[DATASET SECTION Boundary: Start]

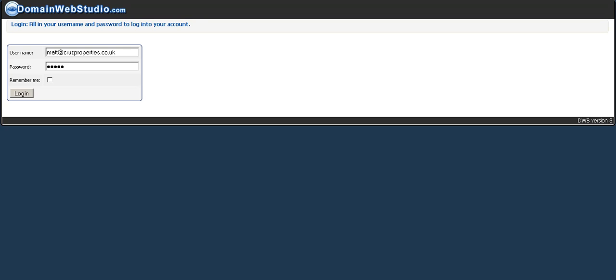Hi folks, Matt the Cruz here. In this video, what we're going to do is show you what happens when you log into your DWS for the very first time.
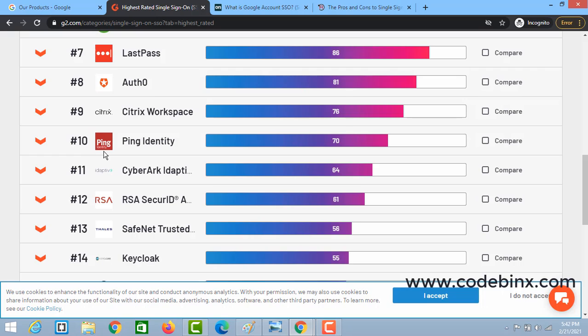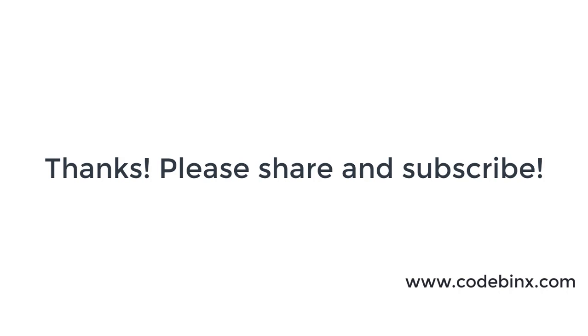SSO Authentication is a very important technology that is going to become a boom in the upcoming years. Many product-based companies, like Google, have been using it. I hope you now understand this technology. Please like and share this video, subscribe to our channel, and see you in the next video. Thank you and goodbye from the CodeBinex Team. Love you all.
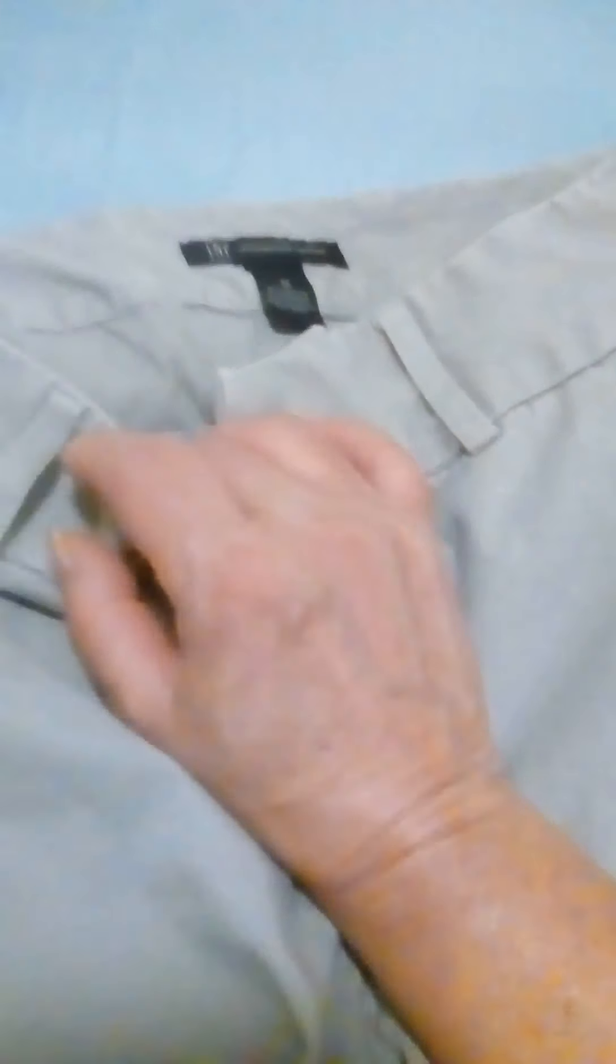This is the International Concepts brand shorts. Like I said, I don't know what store you can buy them at.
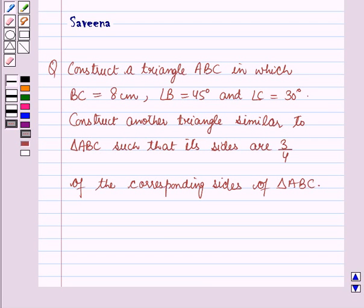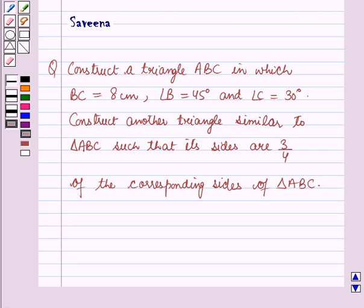Hello and welcome to the session. In this session we will discuss a question which says: construct a triangle ABC in which BC is equal to 8 cm, angle B is equal to 45 degrees and angle C is equal to 30 degrees. Construct another triangle similar to triangle ABC such that its sides are 3 by 4 of the corresponding sides of triangle ABC.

[DATASET SECTION Boundary: End]

● WHAT IS EXPECTED:
Images are not wanted in the copy. Please print the material above exactly.

● RESPONSE:
Hi folks, Matt the Cruz here. In this video, what we're going to do is show you what happens when you log into your DWS for the very first time.
SSO Authentication is a very important technology that is going to become a boom in the upcoming years. Many product-based companies, like Google, have been using it. I hope you now understand this technology. Please like and share this video, subscribe to our channel, and see you in the next video. Thank you and goodbye from the CodeBinex Team. Love you all.
This is the International Concepts brand shorts. Like I said, I don't know what store you can buy them at.
Hello and welcome to the session. In this session we will discuss a question which says: construct a triangle ABC in which BC is equal to 8 cm, angle B is equal to 45 degrees and angle C is equal to 30 degrees. Construct another triangle similar to triangle ABC such that its sides are 3 by 4 of the corresponding sides of triangle ABC.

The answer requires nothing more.